1. At the time of the traffic mishap giving rise to this case, OCGA § 40-5-55 (a) required that both a blood and urine test be administered *396 to any person operating a motor vehicle which is involved in a traffic mishap resulting in serious injuries or fatalities. Defendant argues the trial court committed reversible error by admitting the results of a blood test as proof of defendant's blood-alcohol level because no urine test was conducted to determine his blood-alcohol level. We do not agree. The jury specifically found defendant not guilty of driving under the influence of alcohol and rejected the State's argument that defendant committed the offenses of vehicular homicide in the first degree by driving under the influence of alcohol to the extent that it was less safe for him to drive and/or with a blood-alcohol level of 0.10. Thus, assuming the trial court's admission of this test constituted error under the facts of this case, because the jury did not find defendant guilty of any alcohol-related charge, any error stemming from admission of this test was harmless and will not authorize reversal by this court. See McAlister v. State, 204 Ga. App. 259 (2) (419 SE2d 64) (1992).

2. Defendant also argues there was insufficient evidence presented to authorize a reasonable finder of fact to find defendant guilty beyond a reasonable doubt of vehicular homicide in the second degree. Vehicular homicide in the second degree is defined in OCGA § 40-6-393 (b) as follows: "Any person who causes the death of another person, without an intention to do so, by violating any provision of this title ... commits the offense of homicide by vehicle in the second degree when such violation is the cause of said death. ..."

Defendant does not dispute that ultimately his car traveled across the centerline and traveled in the left half of Glenwood Road for a distance before striking a telephone pole.[1] He argues, however, because the evidence shows the victims were standing on the double centerlines, his automobile struck them before it crossed the centerline and there is no evidence he was violating any of the uniform rules of the road at the time he struck the victims. We do not agree. Our review of the record reveals that the State presented sufficient evidence for a rational finder of fact to find beyond a reasonable doubt defendant was violating OCGA § 40-6-40 (a) at the time he struck the victims.

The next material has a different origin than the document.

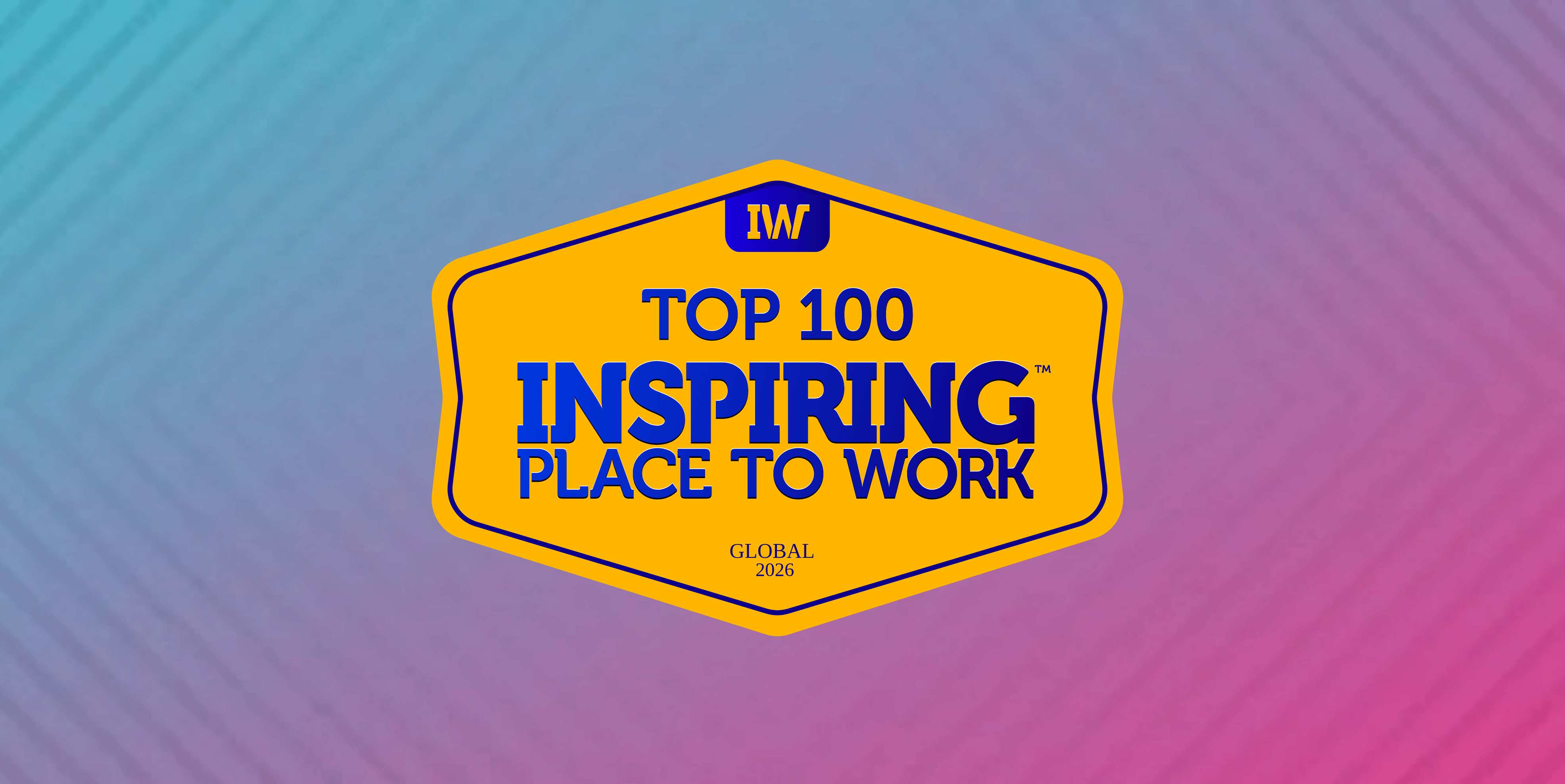 /dam/jcr:33060ac2-c12a-4e2d-82a6-e02437f3ad54/Top%20100%20Inspiring%20Places%20to%20Work%20Badge.jpg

Furthermore, with regard to defendant's argument that an obstruction caused him to veer across the centerline, whether there *397 was an obstruction causing defendant to drive to the left of the centerline is a question for the jury and the jury apparently did not resolve that question in defendant's favor. See Smith v. Lott, 246 Ga. 366 (271 SE2d 463) (1980); Foskey v. Williams Bros. Trucking Co., 197 Ga. App. 715, 717 (4) (399 SE2d 484) (1990).

Judgment affirmed. Birdsong, P. J., and Andrews, J., concur.

NOTES

[1] OCGA § 40-6-40 (a) provides: "Upon all roadways of sufficient width, a vehicle shall be driven upon the right half of the roadway, except as follows: (1) When overtaking and passing another vehicle proceeding in the same direction under the rules governing such movement; (2) When an obstruction exists making it necessary to drive to the left of the center of the highway, provided that any person so doing shall yield the right of way to all vehicles traveling in the proper direction upon the unobstructed portion of the highway within such a distance as to constitute an immediate hazard; (3) Upon a roadway divided into three marked lanes for traffic under the rules applicable thereon; or (4) Upon a roadway restricted to one-way traffic." (Indentations omitted.)